# Quart safety jar



## bigdinthedump (Nov 5, 2009)

I dug a jar today embossed only on the base SAFETY JAR PATD MAY 21 1895. The embossing was around the base with a monogrammed "H" then a smaller "C"  inside of a triangle. Any info on the value my friend has my redbook.


----------



## dave3950 (Nov 5, 2009)

Hi,
 This Safety jar comes in lots of sizes and colors. Clear and Aaua Half Gallons are $10 to $15 complete.  Clamps are about $5.  Cornflower Blue or Emerald Green are pricey.
 What size and color is yours?
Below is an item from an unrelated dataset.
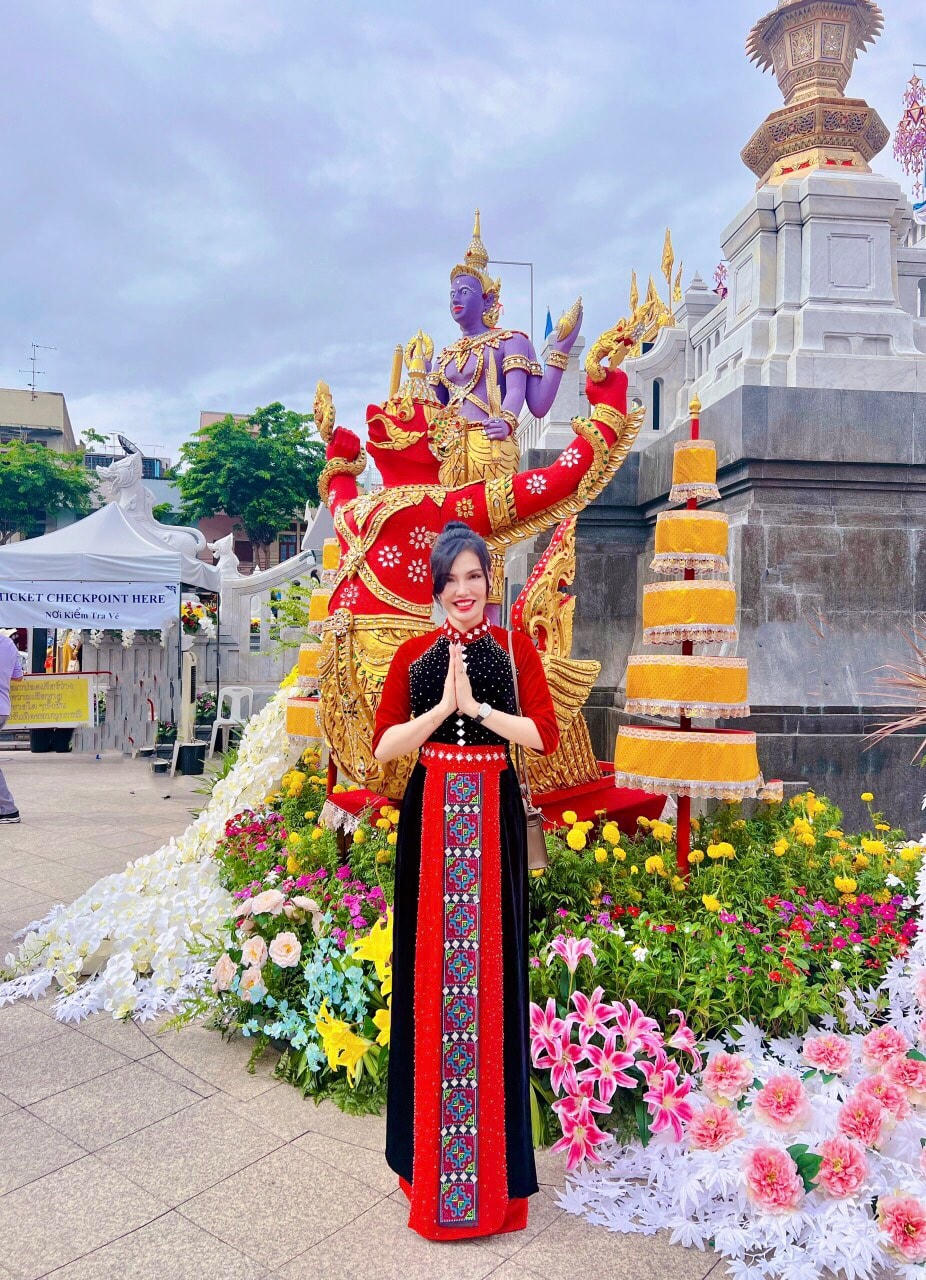 Không chỉ bạn bè trong nước, du khách quốc tế cũng bày tỏ sự thích thú với tà áo dài do chính tay David Le thiết kế. Ảnh: NVCC.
Does it have a lid and clamp?

 Dave


----------



## bigdinthedump (Nov 6, 2009)

Mine is a aqua quart with a ground lip without the enclosure.

 Dave


----------



## jarsnstuff (Nov 8, 2009)

I believe what is described is a Safety Valve jar, Redbook 2538 - which books for about $8-$10 complete with lid and clamp.  The lid is unmarked, interchangeable with the lid for the Sun jar.  The clamp is the same as the H.W. Pettit.  I'm posting a  photo so you know what it looks like.


----------



## bigdinthedump (Nov 8, 2009)

It's nice to see what it looks like clean & complete. The one i have is pretty stained but it's definately the same jar you pictured. Thanks for the pic, i can always rely on this site fo good solid info.

 Dave


----------